I have a df
import seaborn as sns
import numpy as np
import pandas as pd
df = sns.load_dataset('titanic')
I am trying to add 8 columns from 1-8
which is the age of the passenger and to count how many passengers fit in to each of those categories 1-8
I tried:
df_temp = df.groupby('sex').agg({'fare':np.mean})
Which returns:
fare
sex
female 44.48
male 25.52
Then I have age_buckets = range(1,9)
which are the age categories I am interested in.
The goal is to have this kind of structure:
sex fare age_1 age_2 age_3 ... age_8
male 25 0 10 3 x
female 44 1 2 2 y
Which would mean that there were 0
age_1 males and 1 girl that was 1
year old and so on.
So I tried the following:
df_age = df[df.age.isin(age_buckets)].groupby(['sex','age']) \
.count() \
.survived \
.reset_index()
Which returns the data I want but not in the format I can add to my primary df_temp
as a column per age.
So at this point I am not sure if this is the right way to achieve the desired result I am trying to create and don't know how to work forward.

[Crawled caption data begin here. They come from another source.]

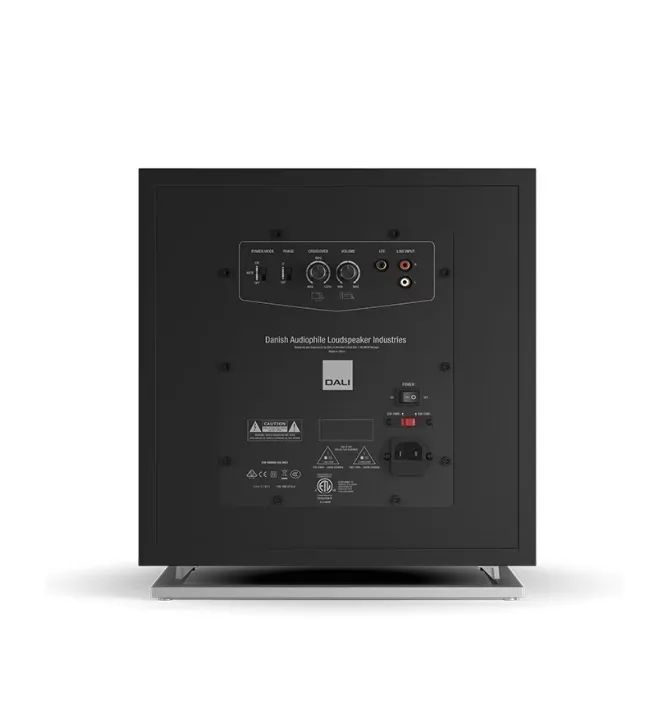 丹麥 DALI SUB E-12F 超低音喇叭 單支(箱) 請來電洽詢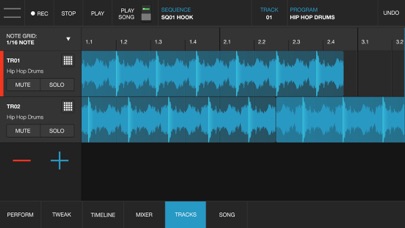 iMPC Pro 2 for iPhoneのおすすめ画像7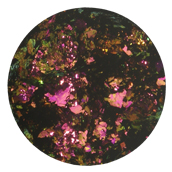 Chameleon Flakes Ruby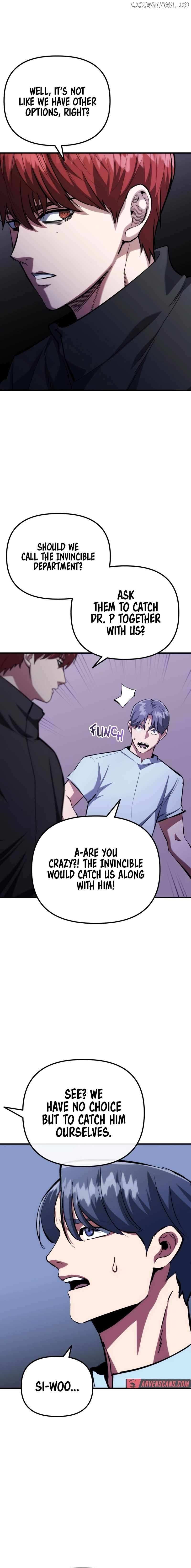Killing Killer Chapter 85 page 9 - 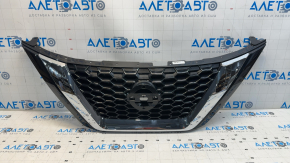Решетка радиатора grill Nissan Murano z52 19-24 рест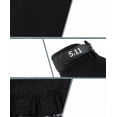 thumbnail image 3 of Guantes de Levantamiento de Pesas con Amortiguador Permeable al Aire para Entrenamiento de Rendimiento Gimnasia Levantamiento de Pesas Entrenamiento Gimnasio Ciclismo y Fitness (Código XL Color Arena) Sailing Electrónica, 3 of 5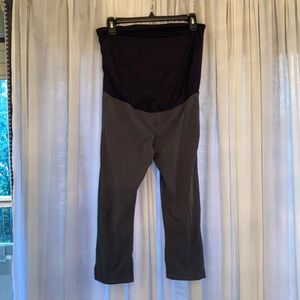 Isabel Maternity Size Large Leggings New Without Tags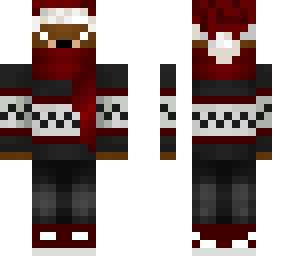 herobrine bear mvp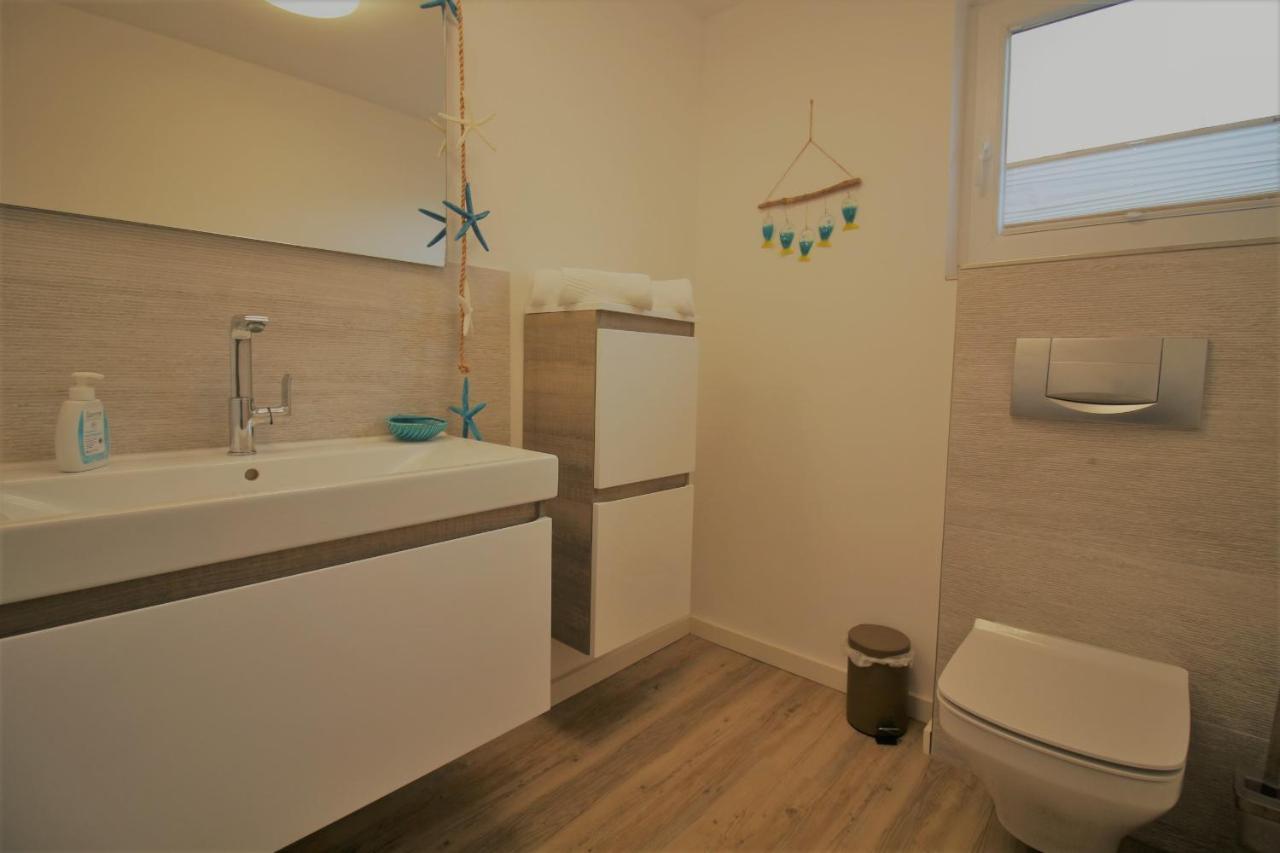 Ferienhaus "Zum Haifisch" Sankt Peter-Ording Ngoại thất bức ảnh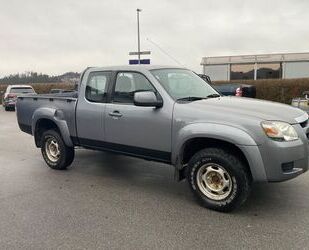 Ford Ford Ranger-2,5l TD ALLRAD- TÜV NEU-LKW-AHK-TOP Gebrauchtwagen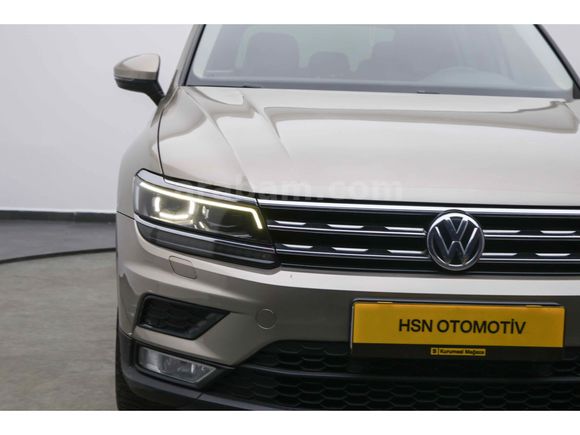 Sahibinden Volkswagen Tiguan 1.4 TSI Comfortline 2016 Model 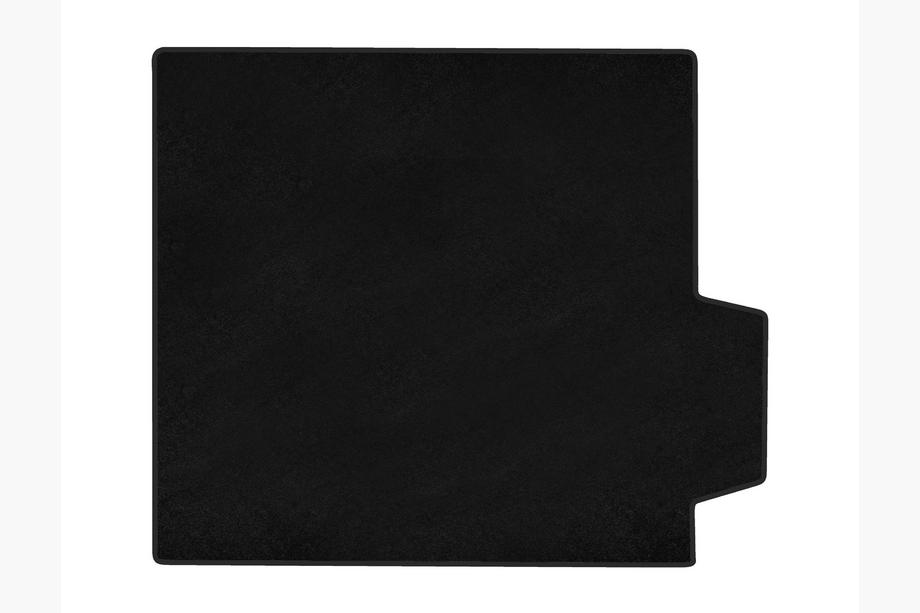 Range Rover V L460 2021- Tapis de Coffre Textile Premium (Noir) Photo 1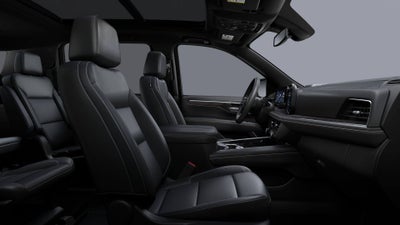 2026 Chevrolet Suburban Base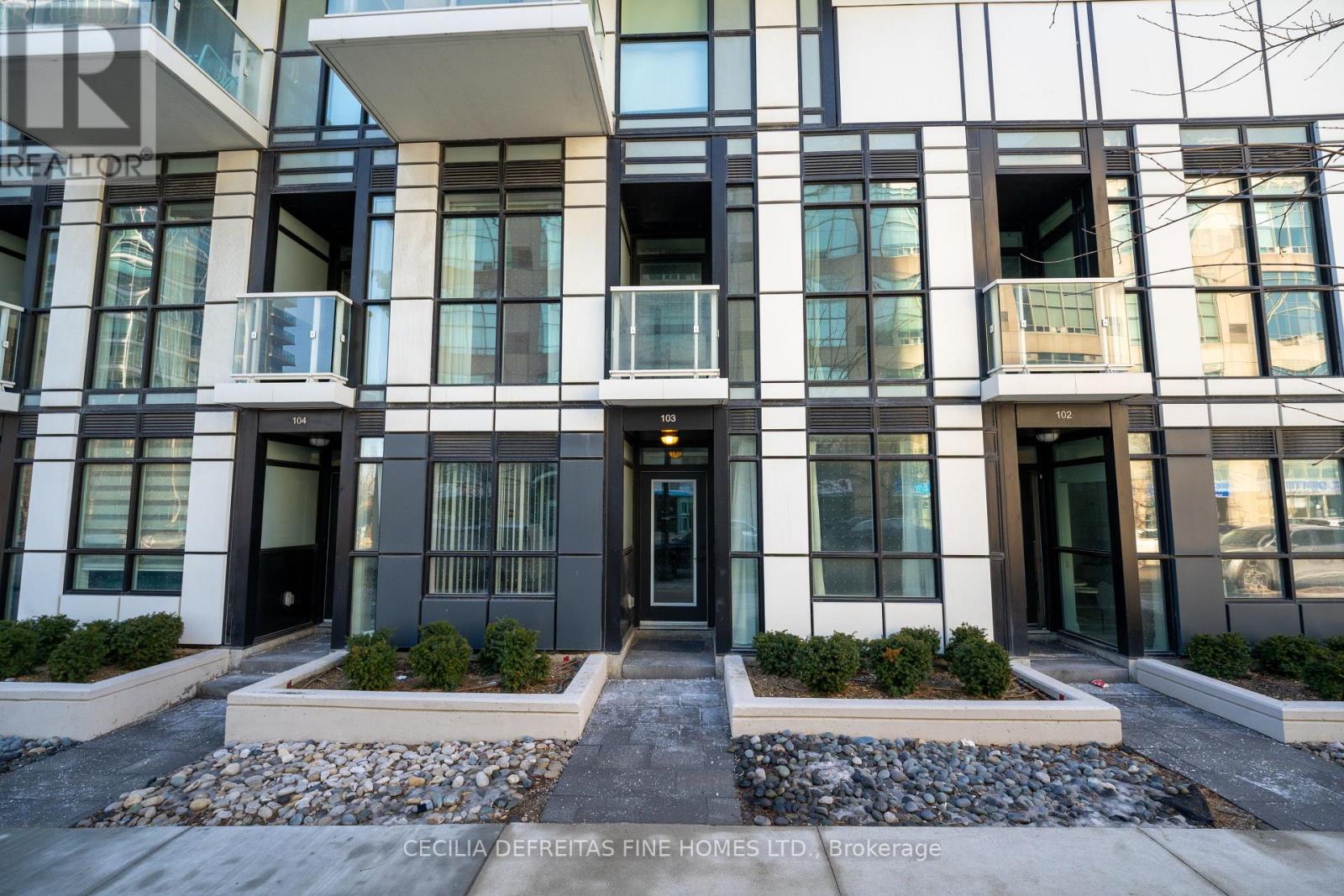 103 - 251 Manitoba Street, Toronto, Ontario  M8Y 0C7 - Photo 6 - W12858192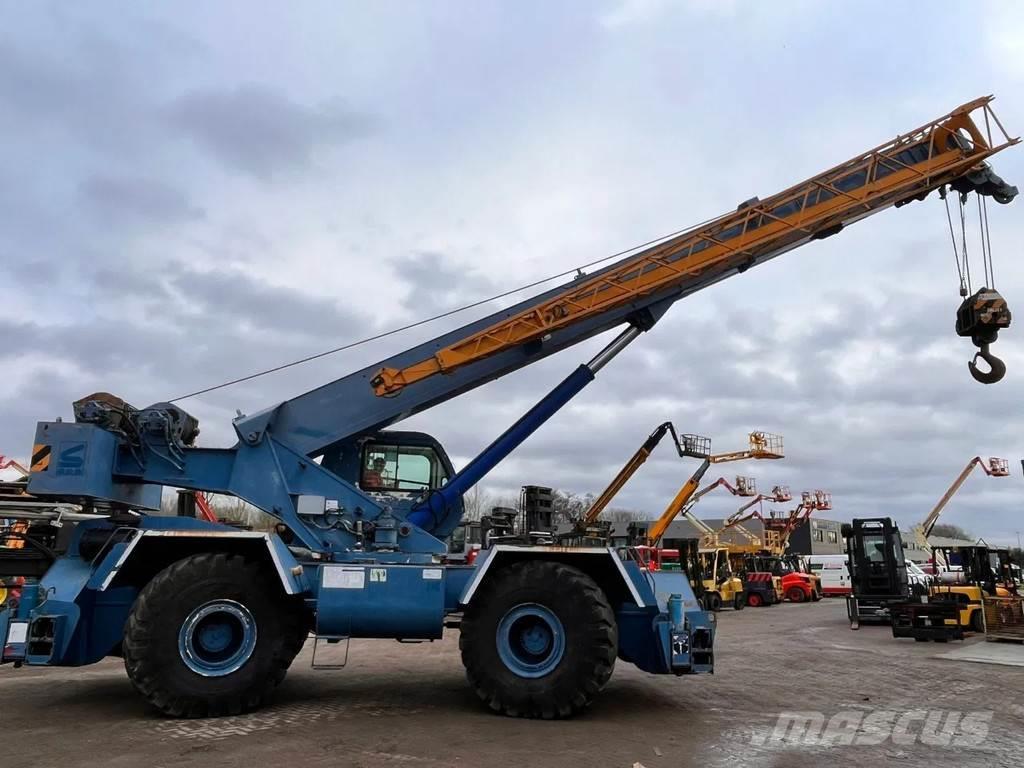 Terex RT780 Grúas autopropulsadas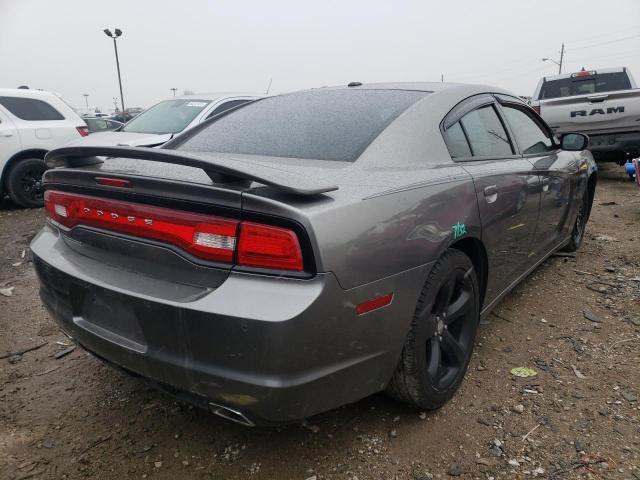 Photo 3 VIN: 2C3CDXHG7CH272156 - DODGE CHARGER SX 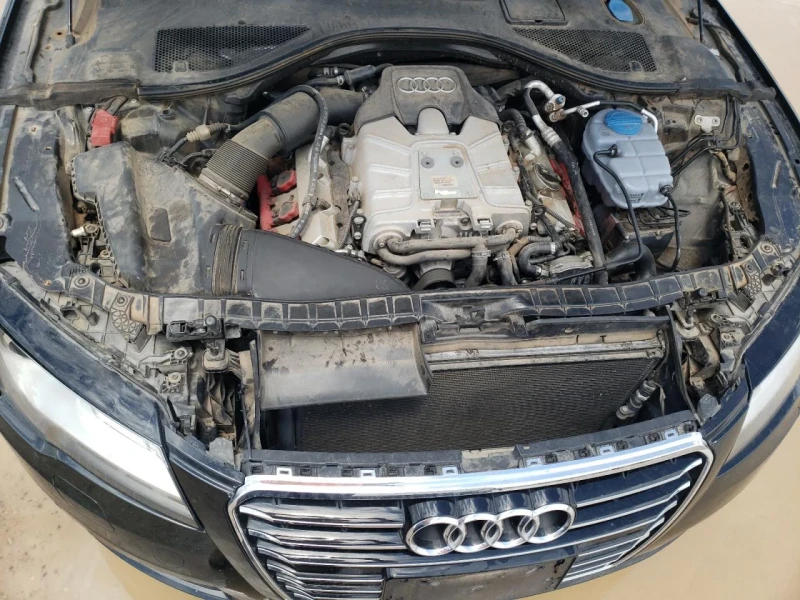 Audi A7 - 17300 лв. - 19608472 | Car24.bg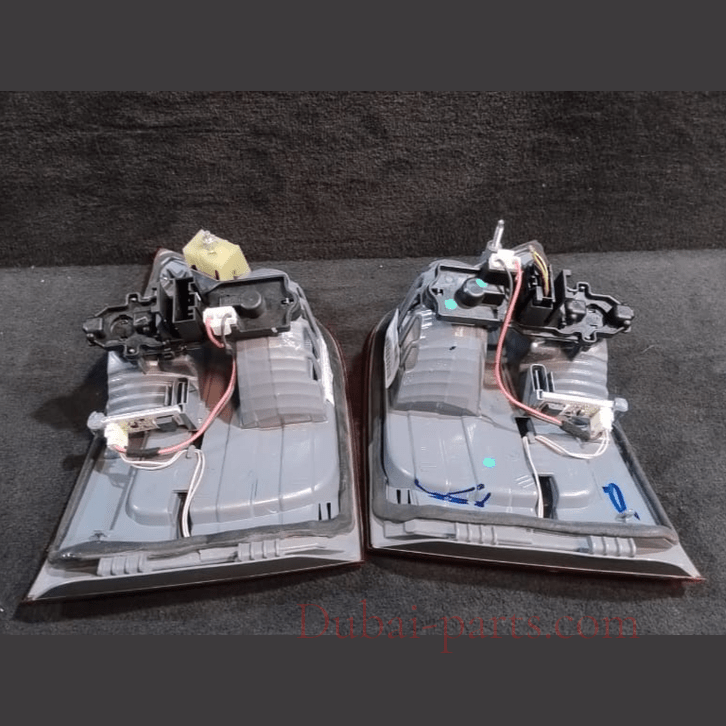BMW X3 F25 GENUINE TYC TRUNK LED TAIL LIGHT LED REAR PAIR  7217314_7217313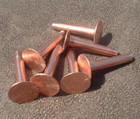 Extra Pair of Copper Rivets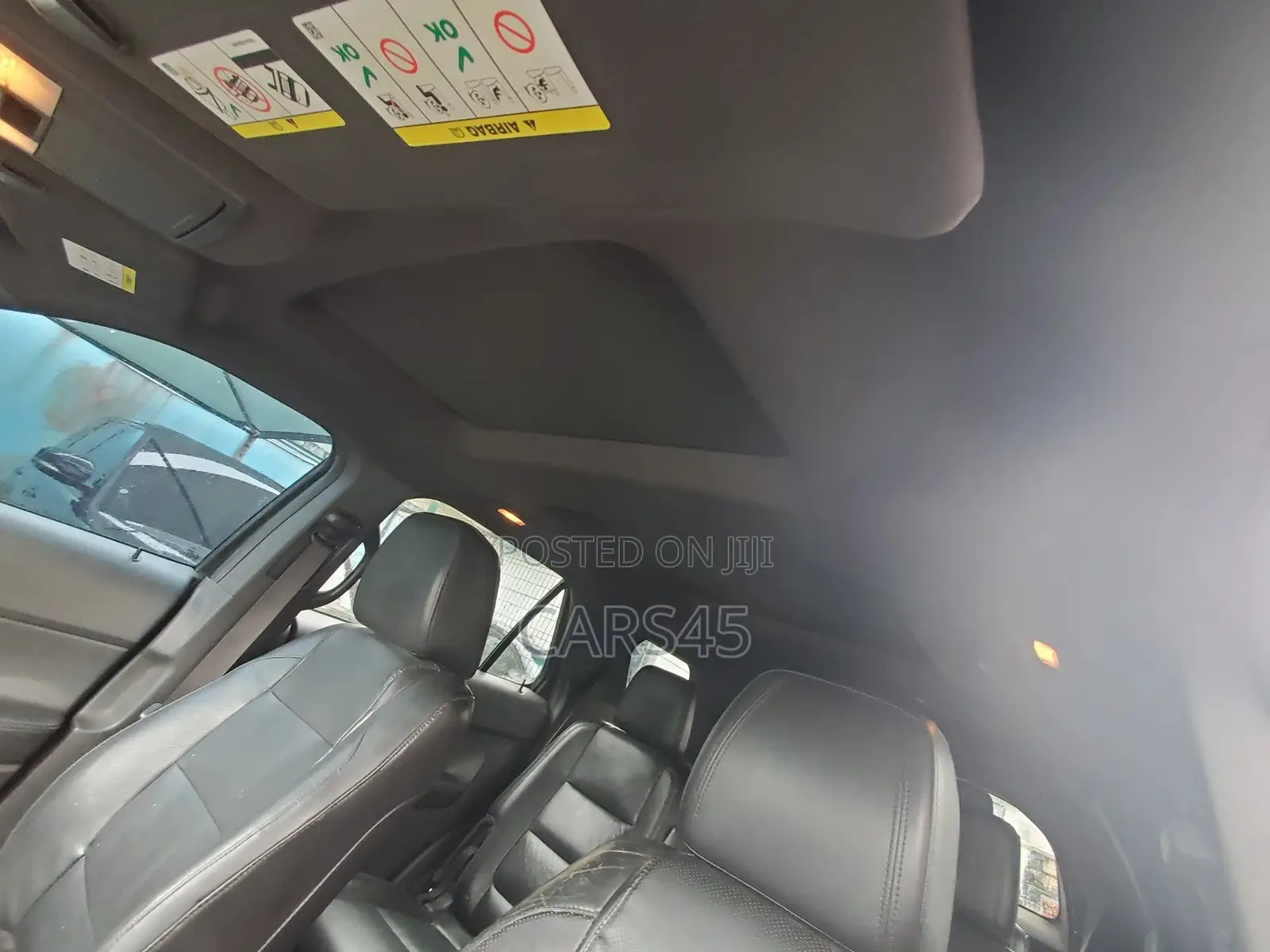 Ford Explorer 2014 Gray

CodePudding user response:
Use cut
with crosstab
and add DataFrame.add_prefix
:
df = (df_temp.join(pd.crosstab(df['sex'],pd.cut(df['age'],
bins=range(0,9),
labels=range(1,9)))
.add_prefix('age_')))
print (df)
fare age_1 age_2 age_3 age_4 age_5 age_6 age_7 age_8
sex
female 44.479818 4 6 2 5 4 2 1 2
male 25.523893 10 4 4 5 0 1 2 2